I'd like the data beneath this line reproduced exactly, without any of its images.

═════ Data shown ═════

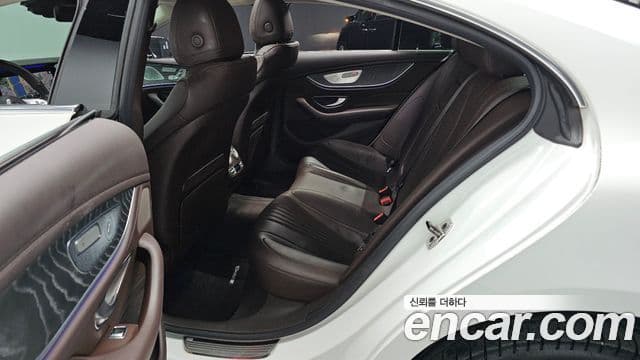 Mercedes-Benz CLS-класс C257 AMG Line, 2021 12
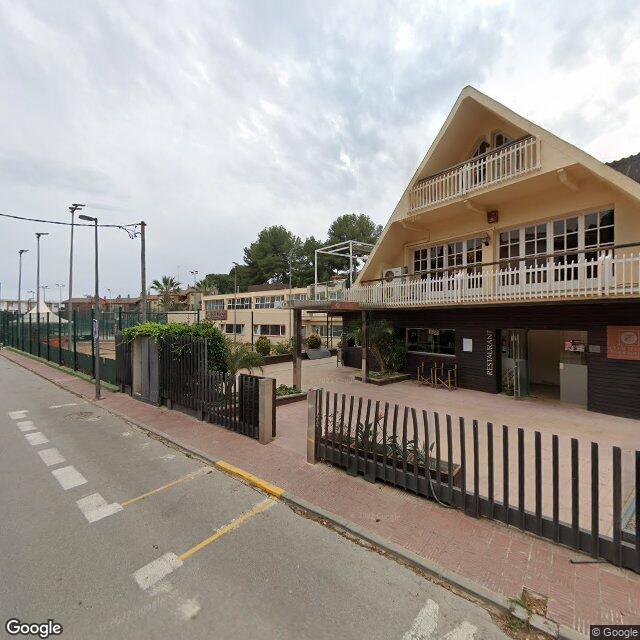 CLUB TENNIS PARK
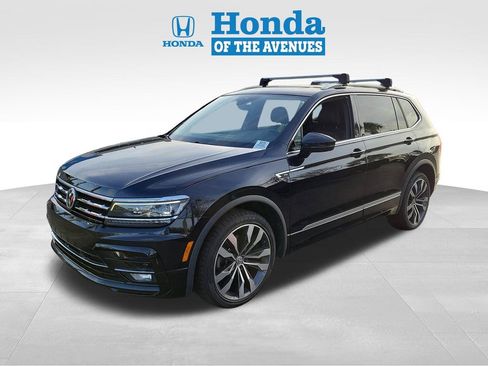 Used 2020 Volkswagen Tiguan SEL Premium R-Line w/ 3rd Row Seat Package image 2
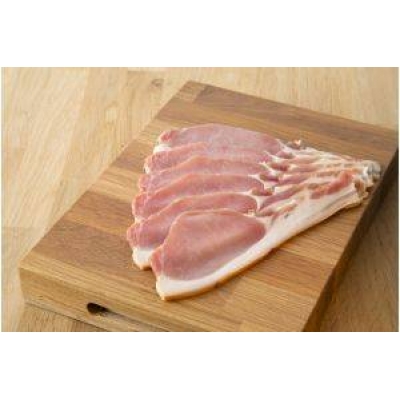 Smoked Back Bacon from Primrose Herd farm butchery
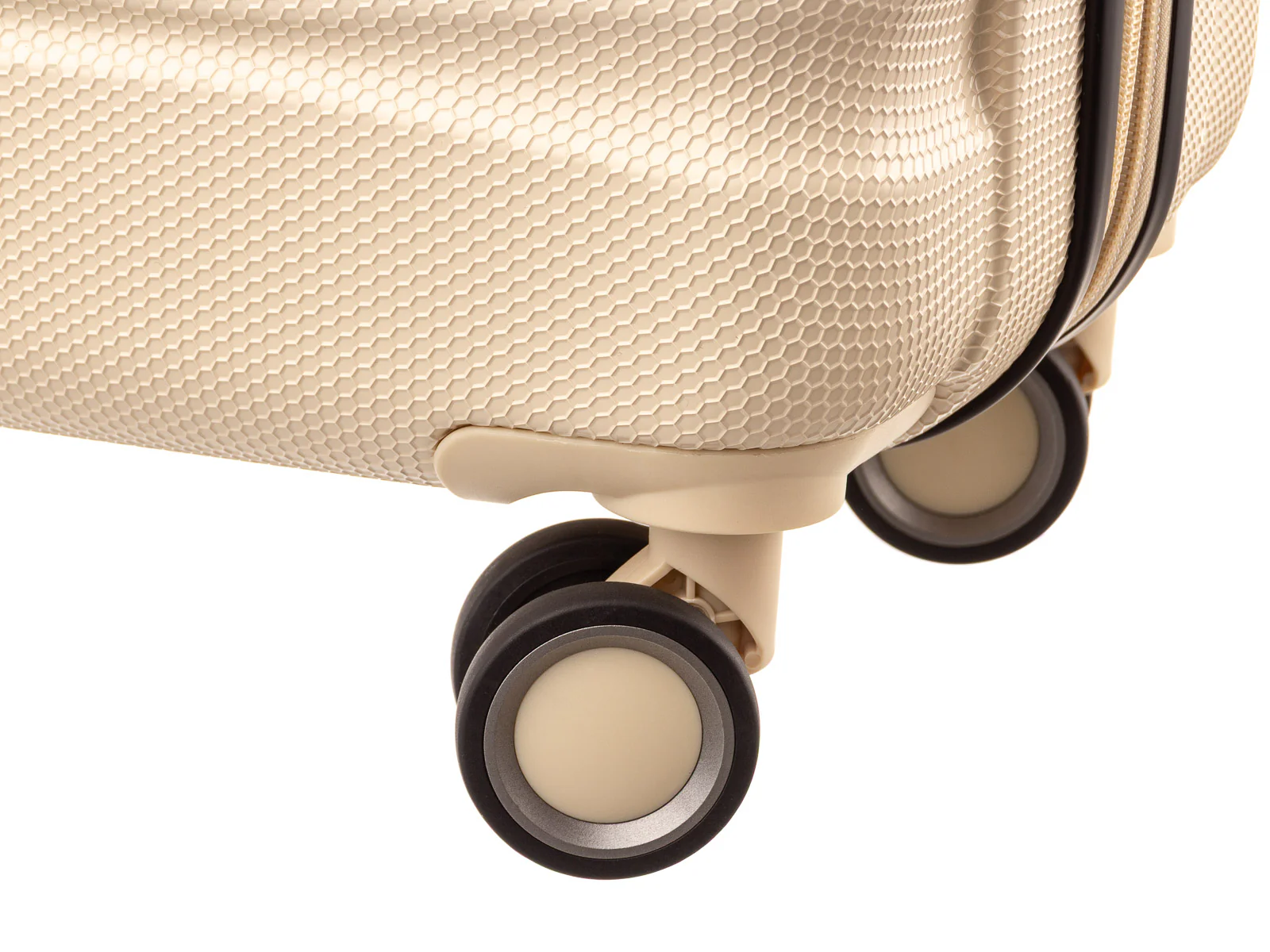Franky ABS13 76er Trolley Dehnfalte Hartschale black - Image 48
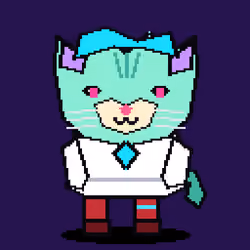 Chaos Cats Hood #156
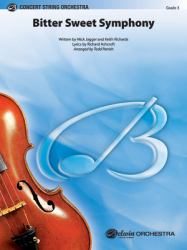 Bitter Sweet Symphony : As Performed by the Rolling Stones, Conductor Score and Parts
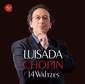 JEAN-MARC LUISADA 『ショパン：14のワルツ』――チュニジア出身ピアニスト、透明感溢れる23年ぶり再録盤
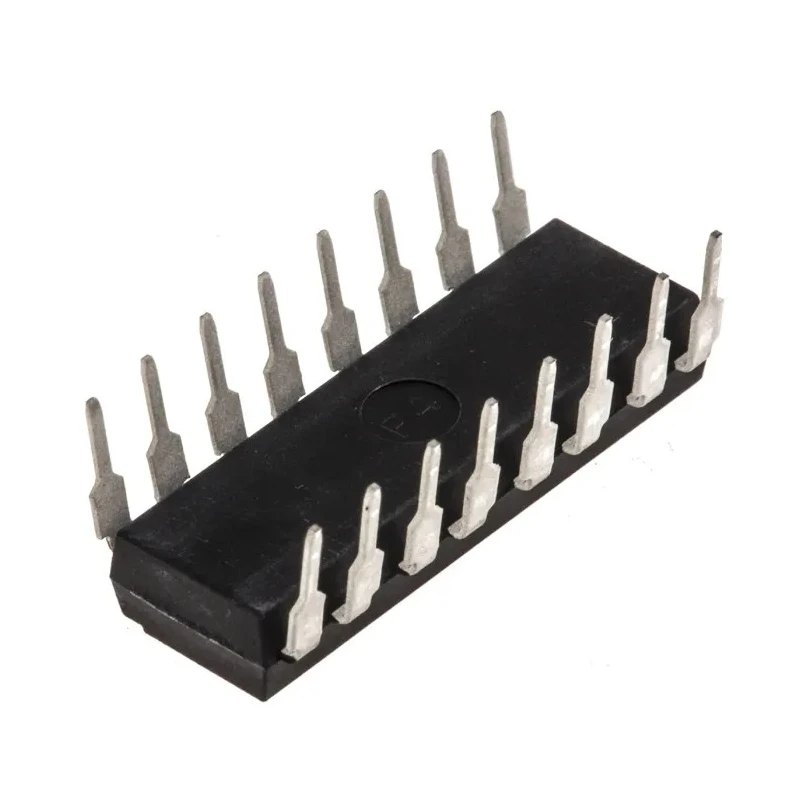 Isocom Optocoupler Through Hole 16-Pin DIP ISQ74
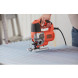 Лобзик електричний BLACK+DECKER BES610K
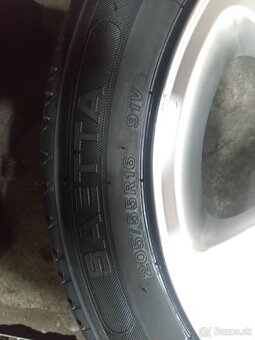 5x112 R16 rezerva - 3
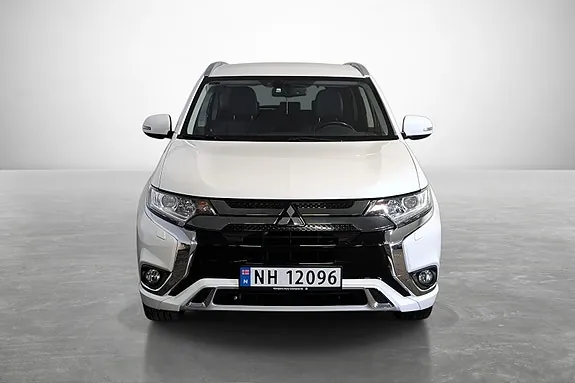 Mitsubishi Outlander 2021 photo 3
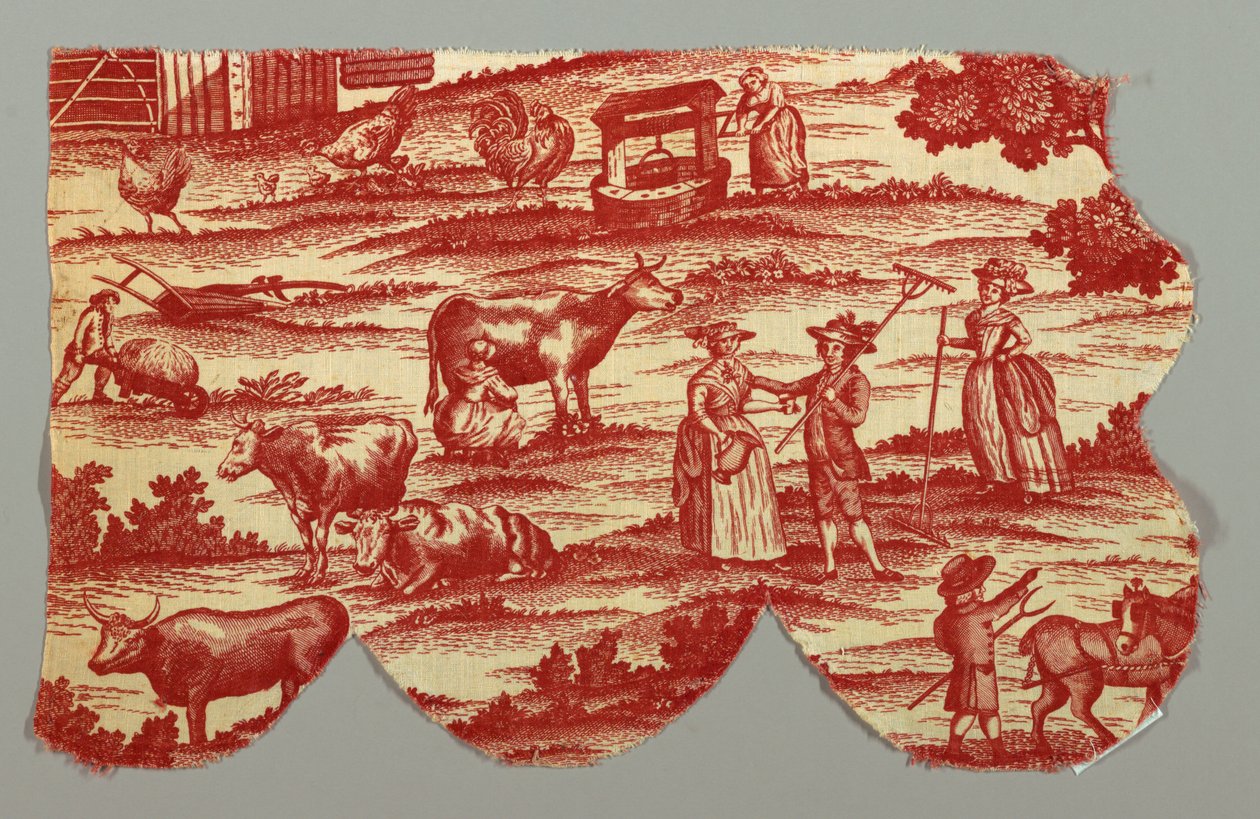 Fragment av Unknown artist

═════

**Result of this task**:
 Mercedes-Benz CLS-класс C257 AMG Line, 2021 12
 CLUB TENNIS PARK
 Used 2020 Volkswagen Tiguan SEL Premium R-Line w/ 3rd Row Seat Package image 2
 Smoked Back Bacon from Primrose Herd farm butchery
Franky ABS13 76er Trolley Dehnfalte Hartschale black - Image 48
 Chaos Cats Hood #156
 Bitter Sweet Symphony : As Performed by the Rolling Stones, Conductor Score and Parts
 JEAN-MARC LUISADA 『ショパン：14のワルツ』――チュニジア出身ピアニスト、透明感溢れる23年ぶり再録盤
 Isocom Optocoupler Through Hole 16-Pin DIP ISQ74
 Лобзик електричний BLACK+DECKER BES610K
 5x112 R16 rezerva - 3
 Mitsubishi Outlander 2021 photo 3
 Fragment av Unknown artist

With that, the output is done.